How would you describe your “Rotary path”?

It’s a short but exciting one:  I joined just over a year ago, and just about immediately became a counsellor to Jessica, our club’s inbound exchange student from Taiwan.  I attended a few district events and met some great young Rotarians whom I have agreed to mentor.

I also helped to give away a Mercedes as part of the club’s fundraising car draw.  That was so much fun!

I am now helping the PR committee boost all our membership and fundraising initiatives and contributing to the Club’s first PR handbook.  

How does Rotary align with your own values?

I always look for opportunities to give of myself and to contribute to the world I want to see.  I aspire to be creative with my professional skills and how they can be applied outside the box toward furthering the changes that I believe in.
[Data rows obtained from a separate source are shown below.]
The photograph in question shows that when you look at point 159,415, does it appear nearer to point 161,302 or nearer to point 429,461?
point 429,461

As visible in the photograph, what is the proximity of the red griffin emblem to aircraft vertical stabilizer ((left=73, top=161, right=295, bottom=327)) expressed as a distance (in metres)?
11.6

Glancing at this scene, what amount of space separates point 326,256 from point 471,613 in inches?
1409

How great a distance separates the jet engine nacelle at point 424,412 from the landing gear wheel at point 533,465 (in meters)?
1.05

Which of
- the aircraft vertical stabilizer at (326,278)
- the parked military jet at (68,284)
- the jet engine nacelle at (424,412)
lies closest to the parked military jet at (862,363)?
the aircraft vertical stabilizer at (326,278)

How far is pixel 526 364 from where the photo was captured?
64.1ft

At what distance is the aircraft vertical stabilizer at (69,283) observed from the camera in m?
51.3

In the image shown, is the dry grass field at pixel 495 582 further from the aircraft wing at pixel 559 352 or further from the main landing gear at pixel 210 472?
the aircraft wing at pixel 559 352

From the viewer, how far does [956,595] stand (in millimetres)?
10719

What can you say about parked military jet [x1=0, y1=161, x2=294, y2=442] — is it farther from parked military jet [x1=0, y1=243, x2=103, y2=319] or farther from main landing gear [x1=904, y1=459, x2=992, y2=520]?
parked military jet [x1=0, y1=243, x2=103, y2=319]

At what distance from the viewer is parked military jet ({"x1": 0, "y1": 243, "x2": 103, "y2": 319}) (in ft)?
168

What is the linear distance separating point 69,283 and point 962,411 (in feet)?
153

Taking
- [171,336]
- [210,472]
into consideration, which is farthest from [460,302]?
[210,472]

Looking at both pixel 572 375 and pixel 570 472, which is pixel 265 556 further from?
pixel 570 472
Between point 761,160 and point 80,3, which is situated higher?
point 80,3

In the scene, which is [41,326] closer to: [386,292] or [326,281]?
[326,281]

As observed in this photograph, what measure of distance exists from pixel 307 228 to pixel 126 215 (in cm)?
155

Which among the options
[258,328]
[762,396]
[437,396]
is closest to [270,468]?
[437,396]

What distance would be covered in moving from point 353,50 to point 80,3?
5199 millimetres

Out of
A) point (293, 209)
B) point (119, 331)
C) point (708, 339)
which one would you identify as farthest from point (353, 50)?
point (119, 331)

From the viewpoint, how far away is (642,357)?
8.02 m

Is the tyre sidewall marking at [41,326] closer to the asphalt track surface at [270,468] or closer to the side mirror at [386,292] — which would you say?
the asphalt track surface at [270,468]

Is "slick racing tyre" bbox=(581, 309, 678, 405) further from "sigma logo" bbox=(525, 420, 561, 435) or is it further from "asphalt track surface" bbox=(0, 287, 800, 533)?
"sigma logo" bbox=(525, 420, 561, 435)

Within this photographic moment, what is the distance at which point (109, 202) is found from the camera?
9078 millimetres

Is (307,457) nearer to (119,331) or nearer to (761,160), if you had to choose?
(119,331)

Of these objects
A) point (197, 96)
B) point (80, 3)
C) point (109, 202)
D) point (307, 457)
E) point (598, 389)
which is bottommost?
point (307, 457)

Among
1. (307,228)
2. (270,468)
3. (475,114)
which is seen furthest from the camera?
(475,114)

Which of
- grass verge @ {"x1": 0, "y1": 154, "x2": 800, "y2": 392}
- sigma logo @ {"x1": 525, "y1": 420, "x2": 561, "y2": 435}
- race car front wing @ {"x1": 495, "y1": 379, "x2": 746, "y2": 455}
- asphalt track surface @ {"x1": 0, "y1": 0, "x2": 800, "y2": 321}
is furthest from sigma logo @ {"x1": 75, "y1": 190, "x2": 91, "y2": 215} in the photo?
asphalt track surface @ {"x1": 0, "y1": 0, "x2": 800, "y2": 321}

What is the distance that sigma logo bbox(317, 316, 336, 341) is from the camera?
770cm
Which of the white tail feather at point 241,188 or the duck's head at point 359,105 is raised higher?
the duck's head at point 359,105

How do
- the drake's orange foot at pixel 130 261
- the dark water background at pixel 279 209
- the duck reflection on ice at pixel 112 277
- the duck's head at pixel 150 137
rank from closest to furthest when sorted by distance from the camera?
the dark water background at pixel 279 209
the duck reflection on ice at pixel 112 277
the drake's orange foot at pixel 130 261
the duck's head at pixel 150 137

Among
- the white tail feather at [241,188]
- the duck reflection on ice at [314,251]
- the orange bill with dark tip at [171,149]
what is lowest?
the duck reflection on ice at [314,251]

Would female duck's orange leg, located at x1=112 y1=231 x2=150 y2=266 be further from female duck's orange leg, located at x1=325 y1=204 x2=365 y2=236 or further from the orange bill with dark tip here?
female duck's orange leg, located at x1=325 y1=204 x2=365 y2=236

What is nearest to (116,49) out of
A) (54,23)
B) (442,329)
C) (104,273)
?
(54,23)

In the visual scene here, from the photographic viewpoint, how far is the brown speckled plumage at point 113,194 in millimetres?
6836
I also look to cultivate a community with like-minded individuals wherever I can; you get more done and it’s more fun than trying to go it alone!
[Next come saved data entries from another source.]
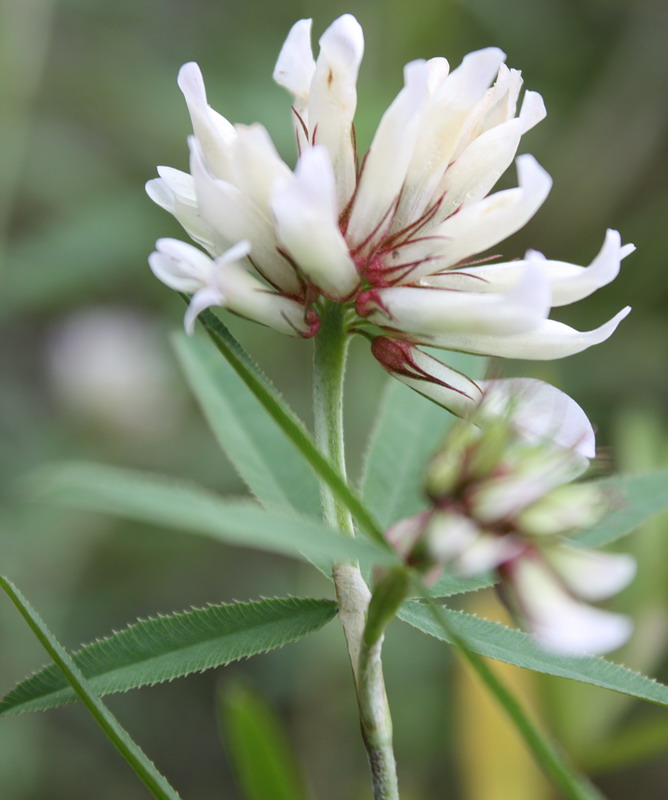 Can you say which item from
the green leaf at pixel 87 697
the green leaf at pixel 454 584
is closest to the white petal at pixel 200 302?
the green leaf at pixel 87 697

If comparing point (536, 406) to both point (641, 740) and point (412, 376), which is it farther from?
point (641, 740)

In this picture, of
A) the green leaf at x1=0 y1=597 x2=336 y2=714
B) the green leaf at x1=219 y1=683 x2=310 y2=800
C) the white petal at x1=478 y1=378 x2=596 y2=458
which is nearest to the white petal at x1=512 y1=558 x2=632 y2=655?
the white petal at x1=478 y1=378 x2=596 y2=458

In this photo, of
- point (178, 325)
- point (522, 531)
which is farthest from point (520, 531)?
point (178, 325)

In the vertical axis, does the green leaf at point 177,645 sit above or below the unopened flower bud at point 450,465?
below

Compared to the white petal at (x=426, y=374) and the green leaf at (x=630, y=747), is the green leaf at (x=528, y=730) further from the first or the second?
the green leaf at (x=630, y=747)

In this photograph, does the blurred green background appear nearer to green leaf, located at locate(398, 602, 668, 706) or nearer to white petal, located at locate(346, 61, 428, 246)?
green leaf, located at locate(398, 602, 668, 706)

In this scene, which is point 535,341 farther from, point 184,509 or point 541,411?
point 184,509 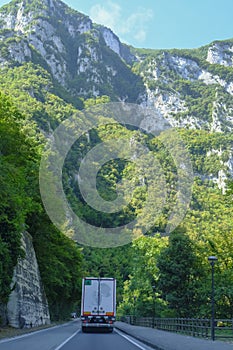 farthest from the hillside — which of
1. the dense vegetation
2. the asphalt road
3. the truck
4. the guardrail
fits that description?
the truck

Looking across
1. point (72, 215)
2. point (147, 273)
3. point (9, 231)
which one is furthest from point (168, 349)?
point (72, 215)

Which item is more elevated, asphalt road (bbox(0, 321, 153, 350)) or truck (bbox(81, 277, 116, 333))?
truck (bbox(81, 277, 116, 333))

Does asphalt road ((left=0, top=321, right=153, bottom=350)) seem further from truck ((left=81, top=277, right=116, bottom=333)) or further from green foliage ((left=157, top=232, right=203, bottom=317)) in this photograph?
green foliage ((left=157, top=232, right=203, bottom=317))

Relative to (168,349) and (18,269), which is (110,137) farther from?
(168,349)

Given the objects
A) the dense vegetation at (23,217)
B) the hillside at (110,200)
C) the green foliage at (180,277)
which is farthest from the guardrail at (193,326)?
the dense vegetation at (23,217)

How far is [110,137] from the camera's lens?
159 metres

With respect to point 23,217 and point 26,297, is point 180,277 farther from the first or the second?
point 23,217

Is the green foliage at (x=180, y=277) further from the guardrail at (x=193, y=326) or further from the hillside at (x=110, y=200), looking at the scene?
the guardrail at (x=193, y=326)

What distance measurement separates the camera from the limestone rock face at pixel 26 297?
1128 inches

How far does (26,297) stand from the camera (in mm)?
32188

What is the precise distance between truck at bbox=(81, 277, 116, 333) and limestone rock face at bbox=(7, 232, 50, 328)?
169 inches

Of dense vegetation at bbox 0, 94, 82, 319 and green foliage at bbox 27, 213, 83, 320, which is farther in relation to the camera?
Answer: green foliage at bbox 27, 213, 83, 320

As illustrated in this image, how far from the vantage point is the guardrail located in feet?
79.1

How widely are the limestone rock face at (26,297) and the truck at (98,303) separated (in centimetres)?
430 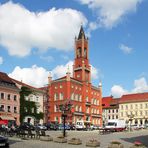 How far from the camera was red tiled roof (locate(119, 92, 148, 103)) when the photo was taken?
137m

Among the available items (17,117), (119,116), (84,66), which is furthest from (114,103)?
(17,117)

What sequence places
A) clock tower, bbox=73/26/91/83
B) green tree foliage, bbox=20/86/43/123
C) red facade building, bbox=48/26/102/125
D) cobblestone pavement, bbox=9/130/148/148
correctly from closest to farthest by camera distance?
1. cobblestone pavement, bbox=9/130/148/148
2. green tree foliage, bbox=20/86/43/123
3. red facade building, bbox=48/26/102/125
4. clock tower, bbox=73/26/91/83

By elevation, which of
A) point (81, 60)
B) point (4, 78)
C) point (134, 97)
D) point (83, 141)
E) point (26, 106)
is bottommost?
point (83, 141)

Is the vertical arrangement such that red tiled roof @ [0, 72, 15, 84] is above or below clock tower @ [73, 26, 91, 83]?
below

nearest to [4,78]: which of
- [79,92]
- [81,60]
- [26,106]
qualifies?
[26,106]

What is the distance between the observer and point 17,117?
7569 centimetres

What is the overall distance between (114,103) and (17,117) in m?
75.0

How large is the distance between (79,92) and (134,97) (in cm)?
4000

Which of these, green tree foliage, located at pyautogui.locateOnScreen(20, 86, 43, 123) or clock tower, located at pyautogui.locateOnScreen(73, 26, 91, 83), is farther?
clock tower, located at pyautogui.locateOnScreen(73, 26, 91, 83)

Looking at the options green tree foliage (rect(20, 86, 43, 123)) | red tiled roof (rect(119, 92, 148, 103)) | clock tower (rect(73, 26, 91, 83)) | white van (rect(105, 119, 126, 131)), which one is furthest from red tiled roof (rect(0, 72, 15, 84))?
red tiled roof (rect(119, 92, 148, 103))

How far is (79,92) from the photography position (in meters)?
107

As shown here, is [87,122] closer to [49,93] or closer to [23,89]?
[49,93]

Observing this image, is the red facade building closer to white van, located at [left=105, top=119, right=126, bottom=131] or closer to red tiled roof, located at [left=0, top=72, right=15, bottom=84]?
white van, located at [left=105, top=119, right=126, bottom=131]

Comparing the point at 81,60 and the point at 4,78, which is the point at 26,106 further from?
the point at 81,60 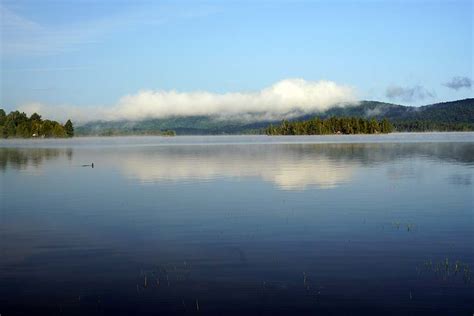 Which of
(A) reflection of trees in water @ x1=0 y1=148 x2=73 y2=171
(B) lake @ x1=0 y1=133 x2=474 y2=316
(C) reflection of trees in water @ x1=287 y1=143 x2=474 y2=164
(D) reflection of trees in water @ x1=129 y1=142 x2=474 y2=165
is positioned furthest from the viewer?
(D) reflection of trees in water @ x1=129 y1=142 x2=474 y2=165

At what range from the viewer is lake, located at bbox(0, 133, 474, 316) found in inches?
659

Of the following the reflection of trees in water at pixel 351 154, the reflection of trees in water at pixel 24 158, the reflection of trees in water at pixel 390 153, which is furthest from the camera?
the reflection of trees in water at pixel 351 154

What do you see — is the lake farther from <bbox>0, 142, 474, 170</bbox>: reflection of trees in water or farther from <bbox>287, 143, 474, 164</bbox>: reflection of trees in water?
<bbox>0, 142, 474, 170</bbox>: reflection of trees in water

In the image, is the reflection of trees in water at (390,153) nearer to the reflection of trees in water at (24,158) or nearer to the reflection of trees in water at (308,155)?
the reflection of trees in water at (308,155)

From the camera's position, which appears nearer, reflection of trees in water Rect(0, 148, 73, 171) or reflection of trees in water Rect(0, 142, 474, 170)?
reflection of trees in water Rect(0, 148, 73, 171)

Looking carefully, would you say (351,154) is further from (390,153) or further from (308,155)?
(390,153)

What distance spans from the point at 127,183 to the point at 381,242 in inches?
1227

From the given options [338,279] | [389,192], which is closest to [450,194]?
[389,192]

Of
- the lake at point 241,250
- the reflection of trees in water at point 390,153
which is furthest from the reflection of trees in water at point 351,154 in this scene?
the lake at point 241,250

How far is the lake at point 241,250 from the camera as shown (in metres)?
16.7

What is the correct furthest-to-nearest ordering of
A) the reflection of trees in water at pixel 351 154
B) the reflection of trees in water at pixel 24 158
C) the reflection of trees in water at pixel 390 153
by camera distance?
the reflection of trees in water at pixel 351 154 < the reflection of trees in water at pixel 390 153 < the reflection of trees in water at pixel 24 158

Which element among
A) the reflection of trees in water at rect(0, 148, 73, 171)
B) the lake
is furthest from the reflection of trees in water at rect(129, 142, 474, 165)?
the lake

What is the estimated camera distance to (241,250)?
22844mm

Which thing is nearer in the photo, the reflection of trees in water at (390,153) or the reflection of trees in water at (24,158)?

Rotary fits in perfectly with this. 

What have been a defining moment in your life? 

After working nearly a decade as an engineer in manufacturing and mining, I quit a well-paying job that didn’t align with my values in 2009 and went traveling.  I ended up volunteering in Ecuador and Argentina on various non-profit helping initiatives that utilized my skills as a manufacturing engineer and change agent in very unexpected ways.
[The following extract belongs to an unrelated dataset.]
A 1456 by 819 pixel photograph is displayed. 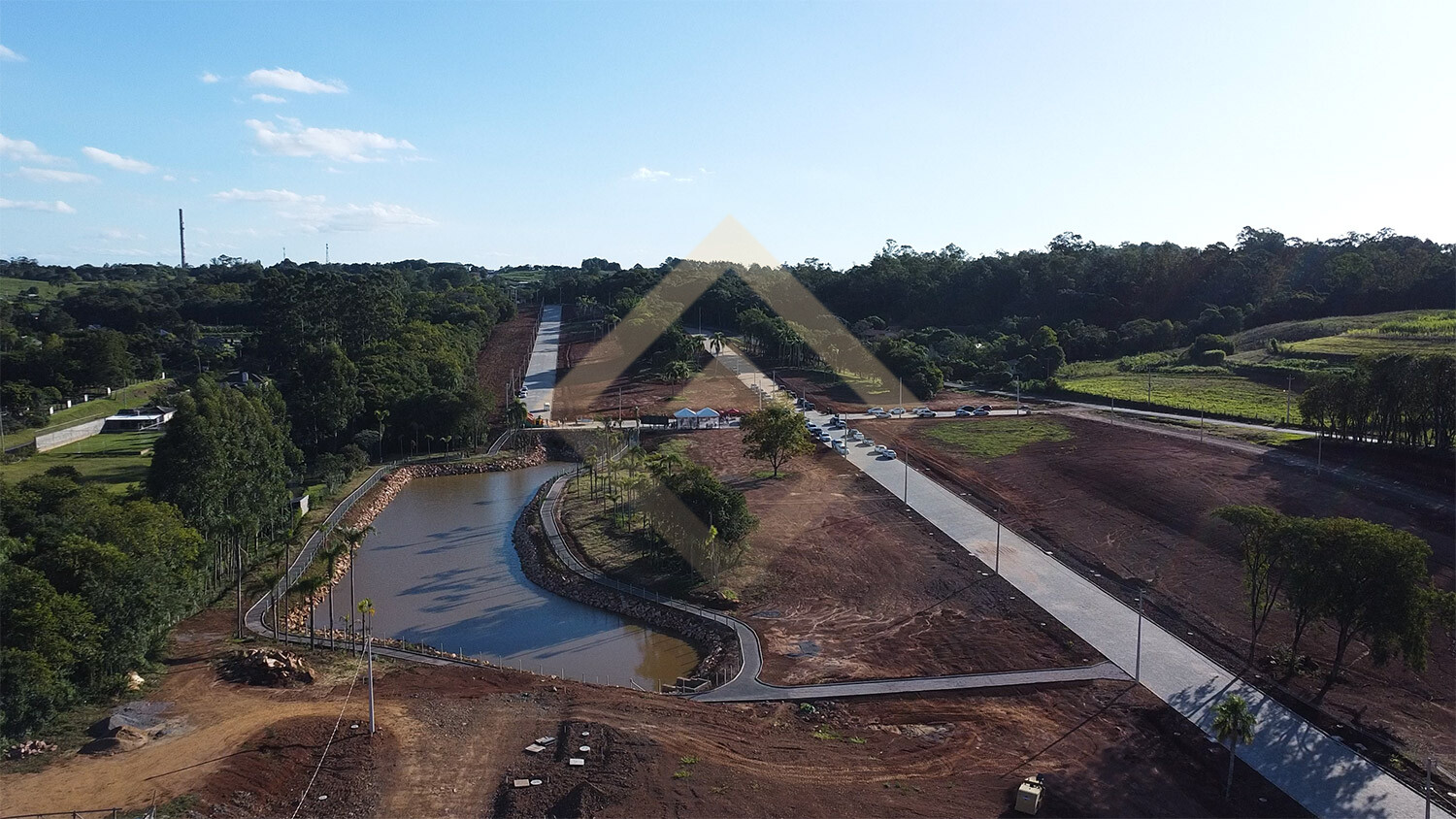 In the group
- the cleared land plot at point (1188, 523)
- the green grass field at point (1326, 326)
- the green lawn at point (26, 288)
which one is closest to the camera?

When I came home I started doing freelance consulting to help businesses reduce their costs by improving their business processes always toward the goal of bettering the work experience for people.   Then I started a mentoring and coaching service for young engineering students and recent grads to give them the benefit of some of my experience and help them find their way.

While speaking at an Engineers Without Borders Canada conference at Queen’s University (my alma mater) I was approached by that organization to partner on speaking to kids about engineering in new and creative ways.

Deciding to become an entrepreneur was without a doubt the most important turning point of my life so far.  I enjoy the social aspect of Rotary since I work by myself a lot and that can get lonely!  Also, I enjoy the chance to network and learn from experienced and accomplished professionals in many different industries in my Rotary club.

What do you consider your greatest Rotary moment?20140616_134500

Watching Jessica give her year-end presentation at our club meeting was a wonderful experience for me; she was so happy and animated as she spoke of her year in Canada and showed us photos of all her exciting excursions and activities.  I felt really proud of her and glad that I had the chance to support her.

As we speak she is making her way across Canada with several fellow inbound Rotary exchange students and having a blast!  When I was a teenager I met Mirjam, a Rotary exchange student from Holland who attended my high school.  Today I am still in touch with Mirjam who emigrated to Canada as an adult.  She lives close by with her husband and young girls, and they love it here, so I know the power of a Rotary exchange to change lives!

Whatever Jessica does in the future, it feels great to have touched a young person’s life and to have had the chance watched her grow.

What are your future Rotary goals, both short‐term and long‐term?

Engineers Without Borders Canada is very well-aligned with Rotary’s international projects, so I dream of further connecting those two wonderful organizations to create some powerful impact overseas.  Also, I sing with Grand Harmony, a local chapter of Sweet Adelines International, and I think that a Rotary singing event would be great fun!

If you could tell another woman one thing about Rotary membership, what would it be?

It’s a very professional and welcoming environment.  Think about joining up – your contribution will be greatly valued and you will meet lots of great people.

There’s no catch, and lots of great opportunity!  I’d welcome the chance to chat with anyone who is considering Rotary membership and not sure if it’s for them.